会社売却に関する相談内容によく見受けられるのが、「債務を抱えている会社でも買い手が付くのか」というものです。
現在は赤字でも将来的に収益が見込まれると判断されれば、売却の可能性は十分にあります。本記事では、会社売却を行う際の成功ポイントと赤字・債務超過の会社売却の注意点を解説します。
目次
会社売却とは

会社売却とは、会社が手掛ける事業の売却や会社そのものの売却を意味する言葉です。会社売却と聞くと、一昔前までは「会社の身売り」というイメージがありましたが、近年は会社が抱える経営課題の解決を目的とした前向きな経営戦略として捉えられる傾向にあります。
会社売却は増加している
2019年の国内M&A成約件数は4,000件を突破(レコフ調べ)しており、そのうちの大半は、会社売却に該当する取引であることも判明しています。
M&Aの成約件数は毎年更新を続けており、この勢いはまだまだ続いていくという見方がされています。
会社売却が増えている理由
会社売却が増えている主な理由は、後継者問題を抱える会社や赤字・債務超過の会社が増加していることにあります。
後継者問題は特に中小規模の会社で深刻となっており、会社を存続させるために会社売却するケースが増えています。

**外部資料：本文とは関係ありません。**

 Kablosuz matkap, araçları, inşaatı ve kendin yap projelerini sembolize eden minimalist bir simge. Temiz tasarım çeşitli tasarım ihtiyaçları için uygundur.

一方、赤字・債務超過の会社については、人材不足や業界内の競争激化などが挙げられます。近年の国内の人口減少や少子高齢化の影響は、さまざまな会社の労働力に影響を及ぼしており、経営状態を圧迫させる要因になっています。
また、同業同士における顧客獲得競争や受注単価引き下げも深刻です。一時的に業績を回復させることはできますが、互いに実入りを減らしてしまう行為なので、結局は会社の力が削がれていってしまいます。
こうした背景から会社が抱える債務が拡大し続け、会社売却による再建を検討する会社が増えています。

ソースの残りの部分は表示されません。